University of Michigan scientists have developed modern tissue engineering system that could improve the function of prosthetic hands and possibly restore the sense of touch for injured patients.
The research project started because there was a need for better prosthetic devices for troops wounded in Afghanistan and Iraq.
"Most of these individuals are typically using a prosthesis design that was developed decades ago. This effort is to make a prosthesis that moves like a normal hand," said Dr. Paul S. Cederna, a plastic and reconstructive surgeon at U-M Health System.
The researchers may help overcome some of the shortcomings of existing robotic prosthetics, which have limited motor control, provide no sensory feedback and can be uncomfortable and cumbersome to wear.
"There is a huge need for a better nerve interface to control the upper extremity prostheses," says Cederna.
When a hand is amputated, the nerve endings in the arm continue to sprout branches, growing a mass of nerve fibres that send flawed signals back to the brain.

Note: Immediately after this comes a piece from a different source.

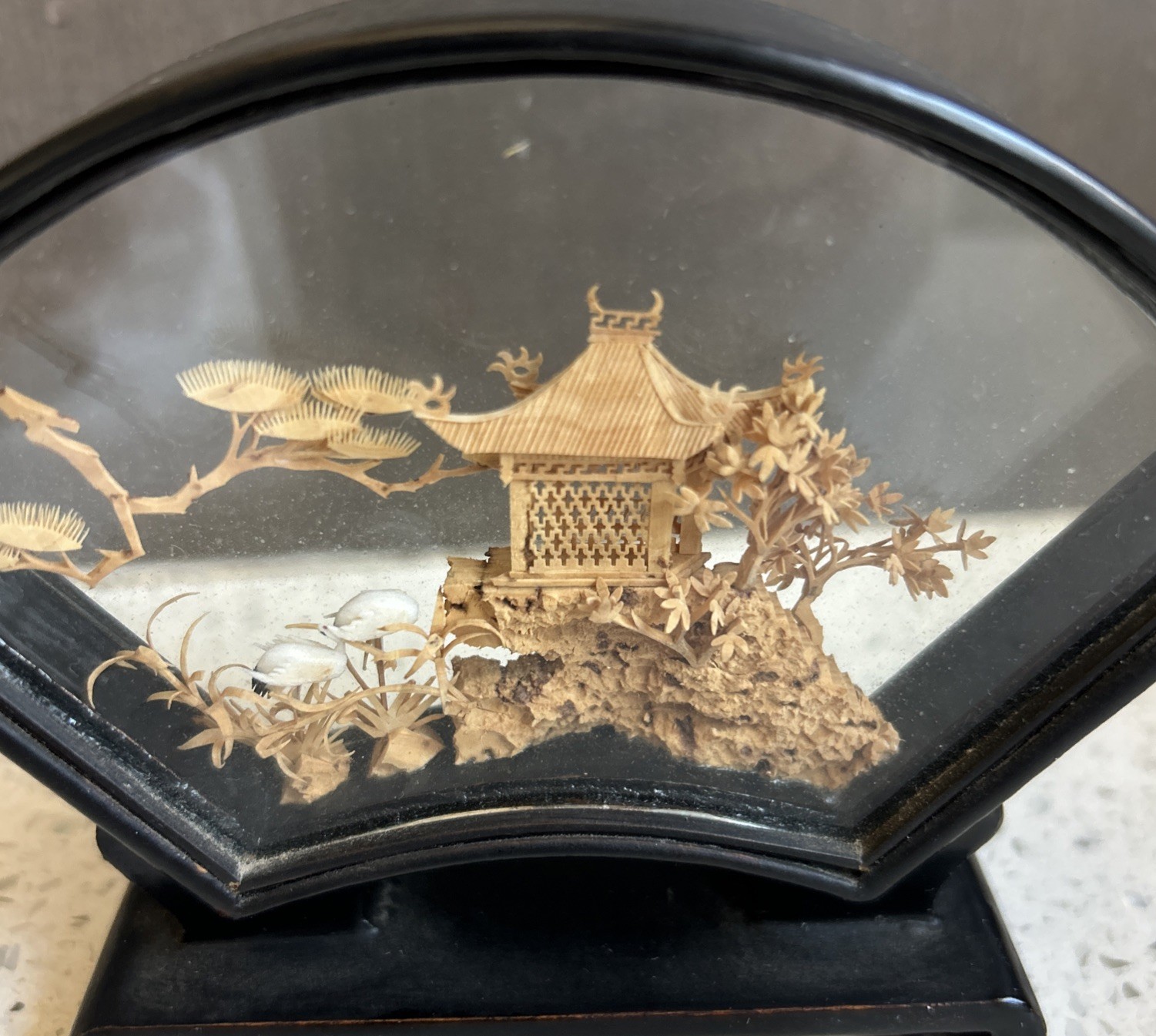VTG CHINESE 3-D CORK ART MINI SAN YOU DIORAMA – Pagoda, Cranes &Trees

The researchers created what they called an "artificial neuromuscular junction" composed of muscle cells and a nano-sized polymer placed on a biological scaffold.

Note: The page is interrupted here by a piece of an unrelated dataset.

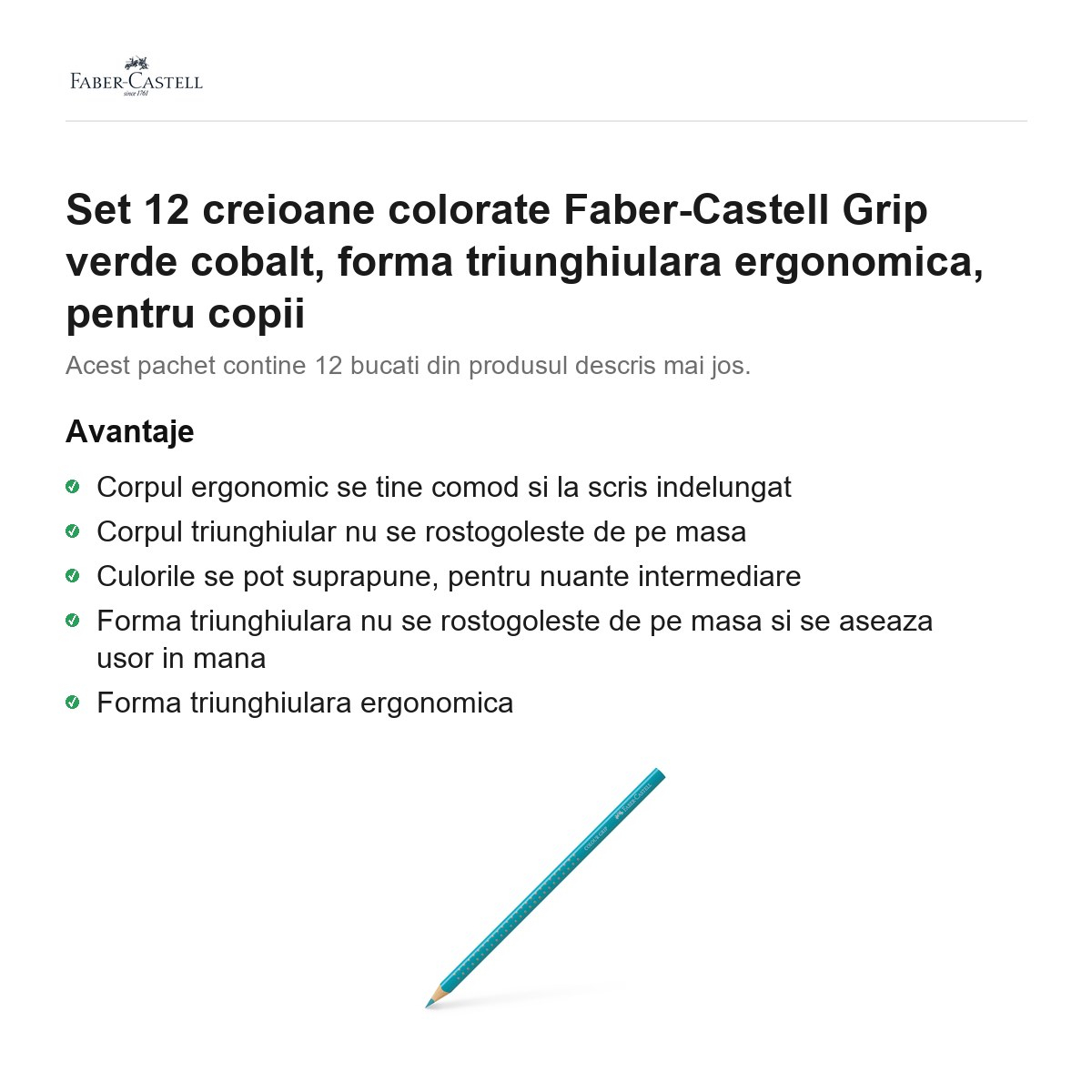 Set 12 creioane colorate Faber-Castell Grip verde cobalt, forma triunghiulara ergonomica, pentru copii [2]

Neuromuscular junctions are the body's own nerve-muscle connections that enable the brain to control muscle movement.
The bio-engineered scaffold was placed over the severed nerve endings like a sleeve.
The muscle cells on the scaffold and in the body bonded and the body's native nerve sprouts fed electrical impulses into the tissue, creating a stable nerve-muscle connection.
In laboratory rats, the bioengineered interface relayed both motor and sensory electrical impulses and created a target for the nerve endings to grow properly.
"The polymer has the ability to pick up signals coming out of the nerve, and the nerve does not grow an abnormal mass of nerve fibers," explained Cederna.
The animal studies indicate the interface may not only improve fine motor control of prostheses, but can also relay sensory perceptions such as touch and temperature back to the brain.
Laboratory rats with the interface responded to tickling of feet with appropriate motor signals to move the limb, said Cederna.
The findings of the study will be presented at the 95th annual Clinical Congress of the American College of Surgeons.